Kurj’s hand clenched the edge of his desk so hard, the muscles in his hand spasmed. He had to make a conscious effort to control his voice. “Secondary Teller, I want one thing understood and understood well. Eldrinson Valdoria is not my father. You will never again refer to him in that manner.”

“Yes, sir.” His aide sounded subdued. “My apologies.”

“Is the report on Valdoria complete?”

“The medical exam, yes.” Teller paused. “But the psychologists are questioning the validity of their tests. They have doubts about the interpretation.”

“Interpretation, hell. Just send me the results.”

“Yes, sir.”

“Anything on his DNA? Is he a psion?”

“Yes, it seems so.”

The light-stylus in Kurj’s hand snapped. He stared at the gash in his hand where it had cut him. “A Ruby psion?”

“They can’t say for certain yet. But it looks like it.”

Kurj felt as if the walls were closing on him despite the large size of his office. He wanted to explode, but he pressed down his emotions. He wouldn’t lose control, wouldn’t let the anger burst free. “Very well. Send those results, too, the preliminaries you have now and the final report, when it is ready.”

“I’ll get right on it.”

“That will be all for tonight. Out.”

“Out, sir.”

For a long moment, Kurj sat unmoving, his fists clenched so hard that his fingernails gouged his palms. Finally he made himself relax, first his shoulders, then his arms. Slowly he opened his fists. He picked up the broken stylus and turned it over in his hand. Then he moved it through holos on his desk, bringing up images until he found the one he wanted, a holo of his father. Tokaba stood grinning, his rakish stance showing a young man full of vibrancy, his blond-streaked hair tousled from the wind.

“We only had six years.” Kurj swallowed. “Far too short a time, yes? But in that time, you taught me more about fatherhood than I’ve learned in all the years since then.”
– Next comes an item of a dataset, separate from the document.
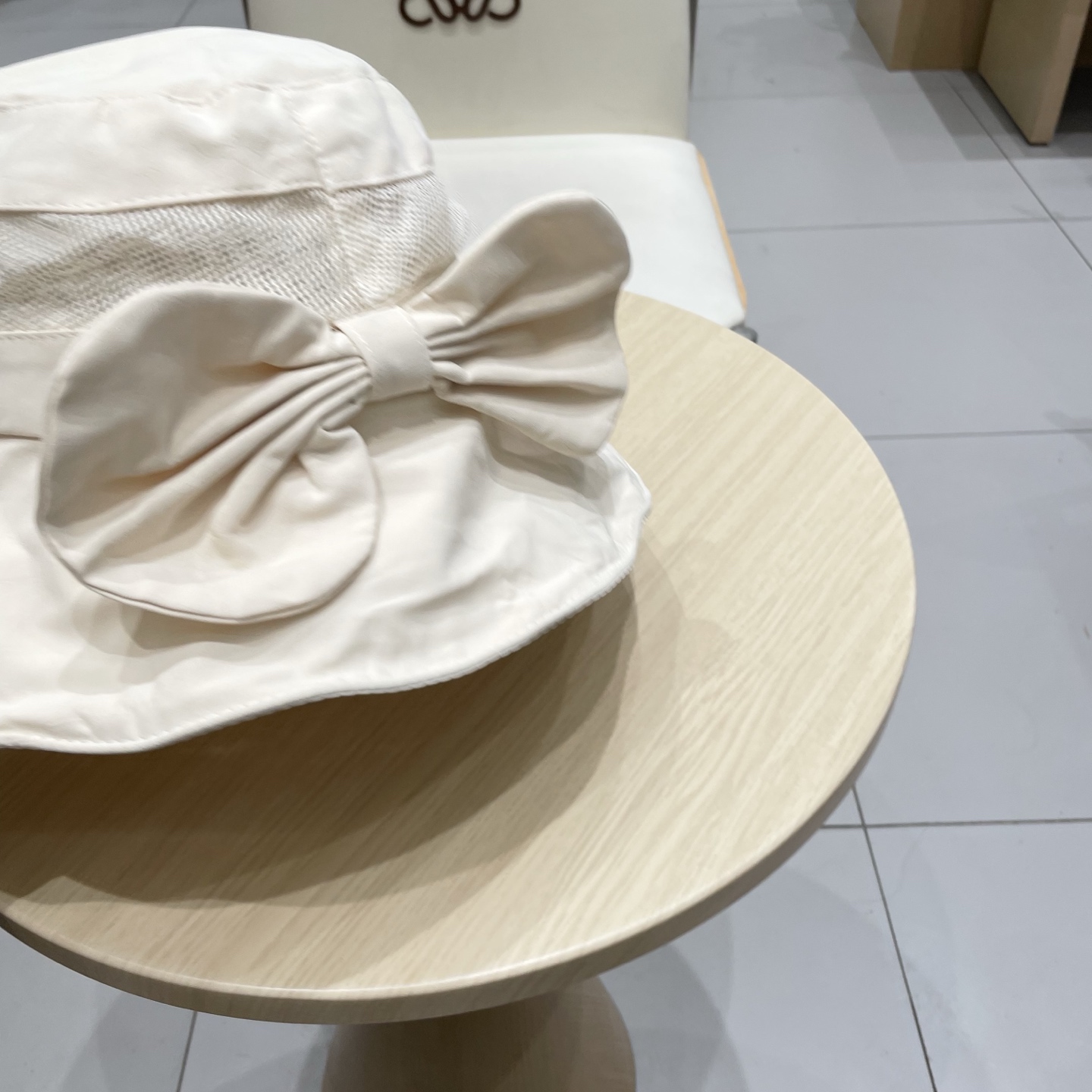   Hermes爱马仕网纱防晒渔夫帽显脸小2025夏季新款户外出游遮阳帽大檐太阳帽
The memories hurt too much. Kurj closed all of his files. A large part of his anger at Eldrinson Valdoria came because he knew the man would hurt his mother. Kurj could never accept him. He represented everything Kurj loathed: turmoil, wildness, barbarism. Kurj wanted—
needed
—the universe to follow rules of logic and reason. Any other path was chaos, the brutality of the Traders, Darr Hammerjackson multiplied a billion times, on an interstellar scale.

 

Eldri walked through the nursery. It had formerly been an alcove off his bedroom where he stored clothes and armor. He and Roca had cleared it out together, sharing their dreams of the child who would live here. Instead of rough stone walls, now it had blue glasswood paneling gifted to them by people who had scavenged it from their own rooms during the siege. A beautifully carved cradle stood in one corner, full of plump baby quilts.